This is not science fiction. It may sound farfetched now, but I don't believe we're all that many breakthroughs away from this becoming reality. And it's not a reality I want any part of.

Monday, December 14, 2009

Late-night braindump!

Guys! We've totally missed the real potential with ChromeOS!

It's got potential as a netbook OS, sure. But, beyond that, appliance computing - embedding the OS in the hardware is a huge deal! Especially if it's stateless. Put two copies of the OS on separate flash drives, glue them in, reduce the moving parts (how many do you really need, anyway? OLPC got it down to 0, and something like 3 internal plugs), and you've got a 100% self-contained system that never needs maintenance! As long as we're borrowing tricks from OLPC, you could put a battery on it and have it portable too! Add a hand-crank and you've got truly mobile computing. Everything else along this line of thinking is just implementation detail, but yeah!

An interface (monitor, input devices, whatev) would be nice, but even nicer would be a system that's implicitly based on clustering. You'd take two or three or four of these, plug them into a switch, plug a monitor and a hard drive or two into that same switch, and you've got a computer that's resistant against hardware faults and completely network-based. You could upgrade it just by plugging new components in and... that would be it, yeah! Probably wouldn't even need a restart. We already have the foundations for zero-configuration networking, so this would be the easy part.

Oh hey! as long as it's network based, you could add multiple user terminals and have several people using a shared cluster with full access to all resources. I think most of the problems here are solved; the interesting one I see is networked storage - you'd need encryption, because we have to assume that anybody can see any hard drive, and hmm. That might actually be it. Obviously you'd need a way to provide a private key - maybe adding a USB port to the input devices and plugging in a flash drive. Idea! The input device could be a thin client with a custom interface, which you could carry around and plug in to any cluster. That would take a lot of the burden off the OS on the cluster nodes (which would have to be pretty stripped-down and generic to begin with) and oooh. That'd be neat.

Problem: untrusted clusters. Crypto-computation might be impossible (I have seen some laughably bad research attempting to solve it), so we might have to assume that any given node can potentially snoop on computations and alter them. It might be possible to finagle something with a signed system on the cluster nodes, but they'd be too much of a high-value target to trust that some other kind of manipulation wasn't going on. Trust is a fundamentally hard problem, let's ignore it for now and work around it. Either we implicitly trust the cluster (boring, stupid) or we figure out a way to run computations on untrusted nodes so that - dammit, back at crypto-computation. :[

If Light Peak lives up to its potential, it would be kickass for this. Everything would only need one plug. Problem: fiber is a lot less resilient than CAT-5. Ah, well, not like the layer-1 matters too much.

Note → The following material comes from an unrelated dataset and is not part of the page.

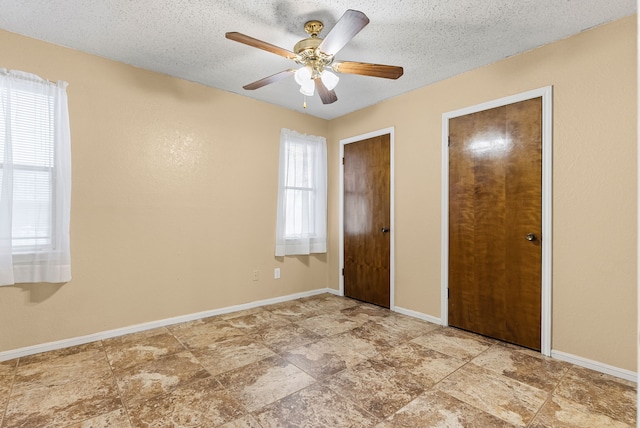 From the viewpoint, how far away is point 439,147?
3.20 metres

Appliances require maintenance sometimes! What we really want here is a computer that you can embed in the wall and forget about, and have as a seamless part of the network doing useful stuff, and be reasonably confident that it'll outlast the building. I can't think of a name for this right now, but it'd be pretty cool. Transparent computing? Ubiquitous computing? Ooooh! As long as we're sticking these in the walls, we could create a wireless mesh network with the neighbors and if this actually becomes widespread it'll be usable for stuff. Routing in mesh networks is hard and really outside the scope of this braindump but the potential payoff is too cool for me to ignore.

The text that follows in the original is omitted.